Béziers fut l’une des premières villes de France à avoir une eau potable abondante et d’excellente qualité. En 1826, la pompe permettait d’élever 200 m3 d’eau par jour. En 1846, les capacités passaient à 800 m3 d’eau par jour. Depuis 1962, les machines ont encore évolué avec des systèmes de pompage plus performants mais c’est toujours la nappe alluviale de l’Orb qui assure 85% de la production d’eau potable.
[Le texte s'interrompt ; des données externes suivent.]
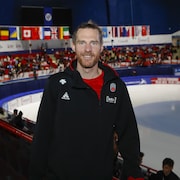 Un homme portant une barbe rousse, vêtu de noir et rouge, prend la pose devant une patinoire. 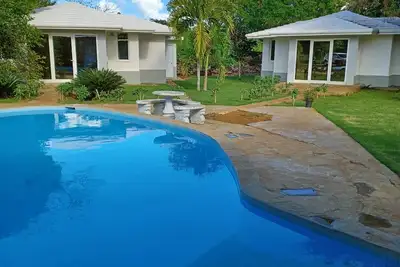 Private villa with pool and bar.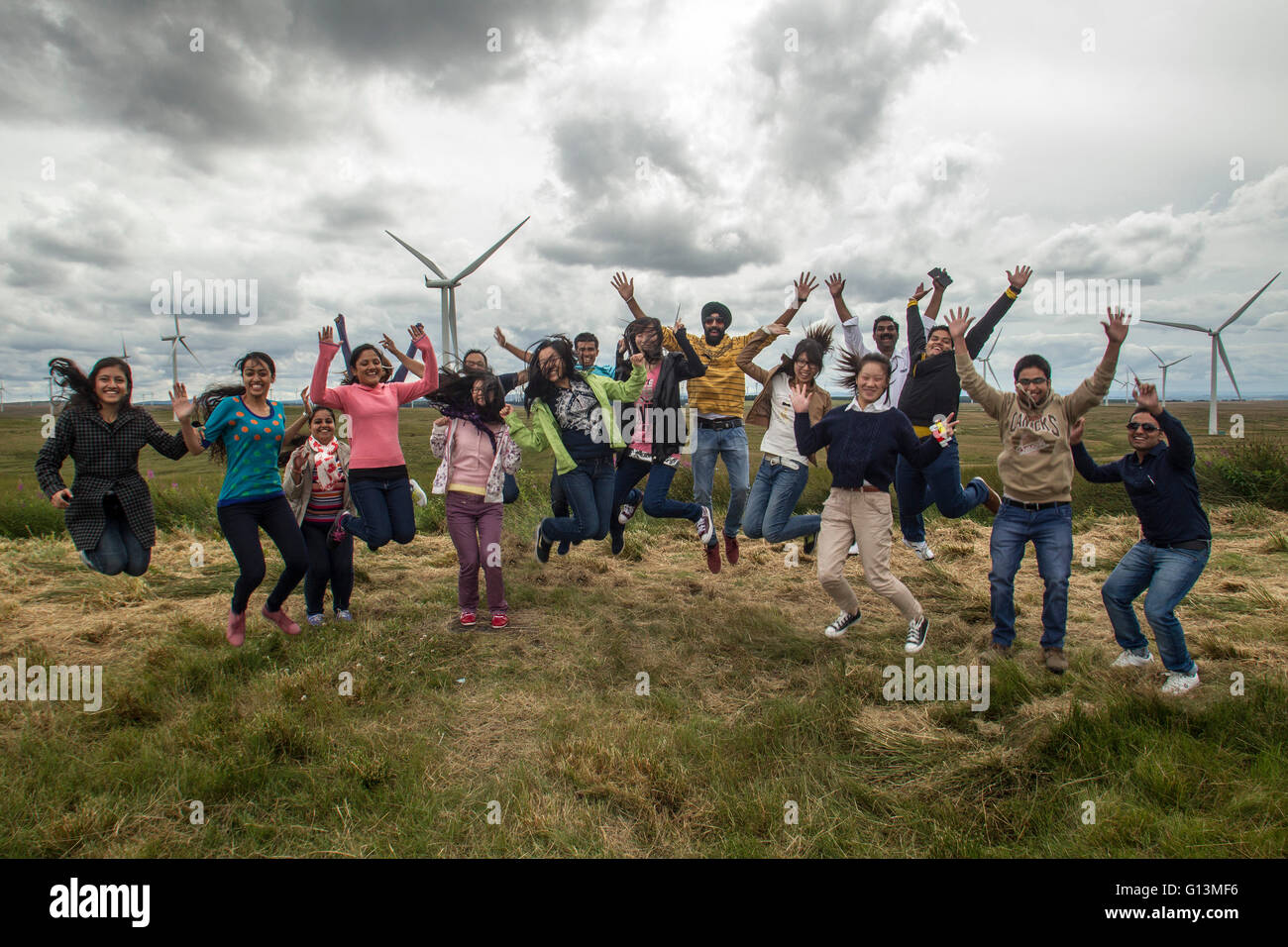 ethnic diversity at wind farm Stock Photo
Béziers dispose aujourd’hui de 28 000 à 33 000 m3 d’eau par jour.
Hommages publics et postérité
Jean-Marie Cordier fut nommé chevalier de la Légion d’Honneur en 1836, médaillé d’or de la ville de Poitiers en 1839 et reçut le deuxième prix de mécanique de l’Académie (fondation Montyon) en 1847.
Ses funérailles furent publiques et sa tombe monumentale encore visible dans le Cimetière Vieux fut érigée sur un terrain donné par la ville. Le moulin Bagnols s’appelle maintenant le moulin Cordier. Il ne se visite pas mais on peut y jeter un coup d’œil et se laisser tenter par une petite promenade au jardin de la Plantade tout proche. Depuis 2017 une fresque en trompe-l’œil de Patrick Commecy alias A-Fresco située au 5 Avenue Georges Clémenceau rend hommage à cet homme illustre.
Merci Armelle !
Je suis juste passionnée (et très novice encore !) du cimetière vieux de Béziers et je me renseigne sur tous les gens connus de la ville enterrés ici.
Votre article est super, je pourrai m’en inspirer en racontant à mes amis, l’histoire de Cordier, devant sa tombe, avec plus de précisions et aussi de simplicité.